- Into the House of Logic
- Should Reverse Engineering Be Illegal?
- Reverse Engineering Tools and Concepts
- Approaches to Reverse Engineering
- Methods of the Reverser
- Writing Interactive Disassembler (IDA) Plugins
- Decompiling and Disassembling Software
- Decompilation in Practice: Reversing helpctr.exe
- Automatic, Bulk Auditing for Vulnerabilities
- Writing Your Own Cracking Tools
- Building a Basic Code Coverage Tool
- Conclusion
Decompilation in Practice: Reversing helpctr.exe
The following example illustrates a reverse engineering session against helpctr.exe, a Microsoft program provided with the Windows XP OS. The program happens to have a security vulnerability known as a buffer overflow. This particular vulnerability was made public quite some time ago, so revealing it here does not pose a real security threat. What is important for our purposes is describing the process of revealing the fault through reverse engineering. We use IDA-Pro to disassemble the target software. The target program produces a special debug file called a Dr. Watson log. We use only IDA and the information in the debug log to locate the exact coding error that caused the problem. Note that no source code is publicly available for the target software. Figure 3-4 shows IDA in action.

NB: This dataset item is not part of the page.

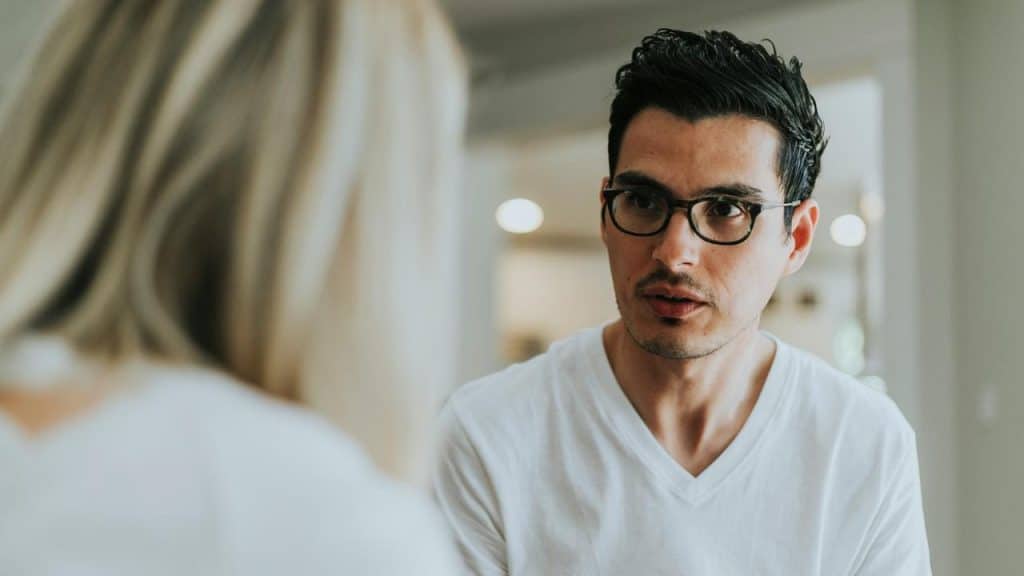 A man wearing glasses and a white shirt talks with a woman in an indoor setting.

Figure 3-4 A screen shot of IDA-Pro reverse assembling the program helpctr.exe, which is included as part of the Microsoft Windows XP OS. As an exercise, we explore helpctr.exe for a buffer overflow vulnerability.
Bug Report
We learned of this vulnerability just like most people did, by reading a bug report posted to bugtraq, an industry mailing list forum where software problems and security issues are discussed. The report revealed only minor details about the problem. Most notably, the name of the executable and the input that caused the fault. The report revealed that the URL hcp://w.w.w.w.w.w.w.w.w.w.w.w.w.w.w.w.w.w.w.w.w.w.w.w.w.w.w.w., when supplied to Internet Explorer, caused helpctr.exe to launch. The URL does this by causing an application exception (which can be tickled remotely through a Web browser).
We recreate the fault by using the URL as input in a Windows XP environment. A debug log is created by the OS and we then copy the debug log and the helpctr.exe binary to a separate machine for analysis. Note that we used an older Windows NT machine to perform the analysis of this bug. The original XP environment is no longer required once we induce the error and gather the data we need.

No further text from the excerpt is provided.